Work required: In the data below, one line contains "Image FUSO Canter CCb 3C15 Empattement 28" and a later one contains "Une première classe". Print both, with every line between them, exactly and alone.

Source records:
###
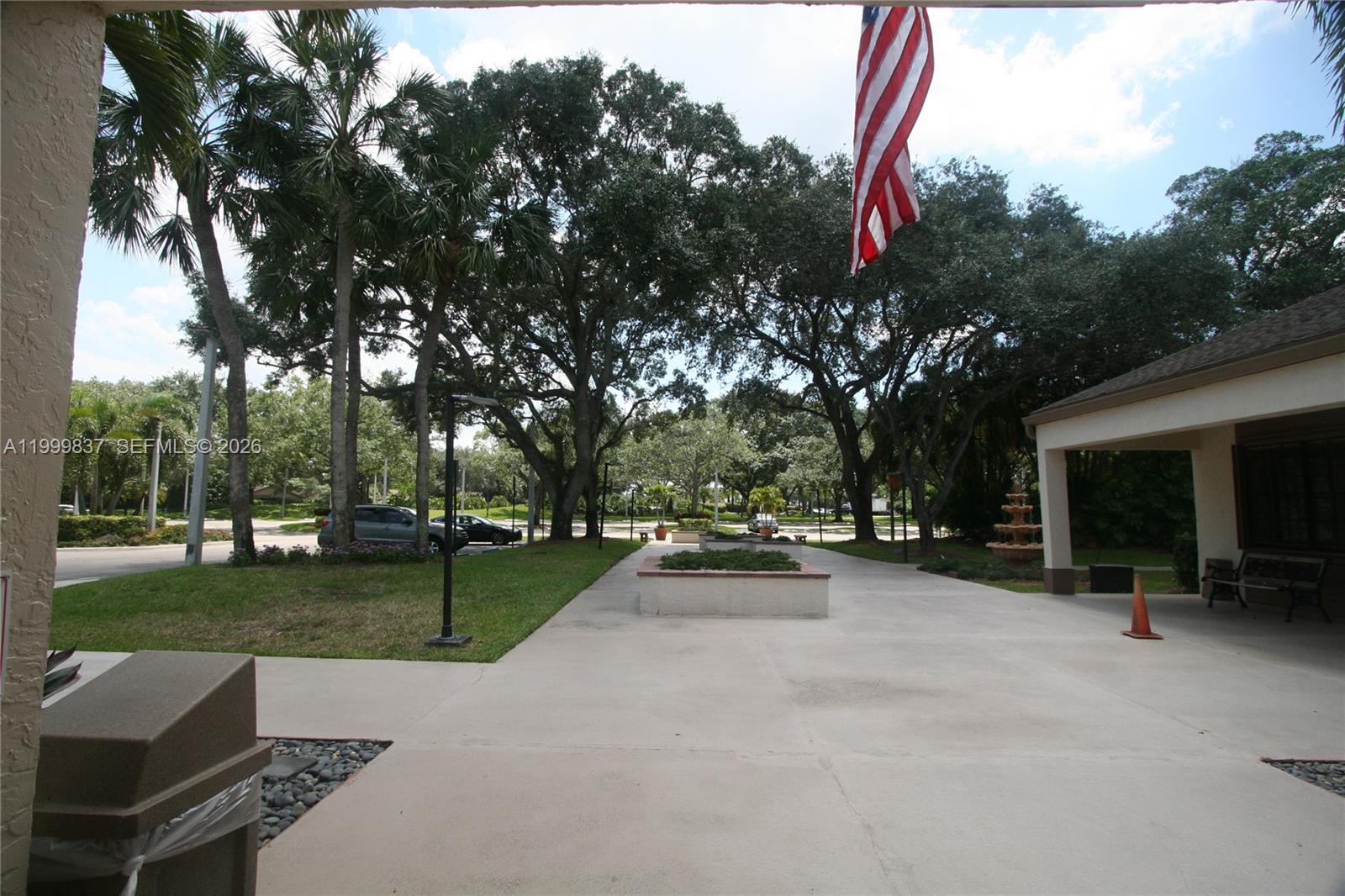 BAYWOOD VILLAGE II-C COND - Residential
###
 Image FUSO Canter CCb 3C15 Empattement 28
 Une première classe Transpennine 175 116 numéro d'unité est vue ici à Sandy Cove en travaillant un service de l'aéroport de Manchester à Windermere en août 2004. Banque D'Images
###
Answer section:
 Image FUSO Canter CCb 3C15 Empattement 28
 Une première classe Transpennine 175 116 numéro d'unité est vue ici à Sandy Cove en travaillant un service de l'aéroport de Manchester à Windermere en août 2004. Banque D'Images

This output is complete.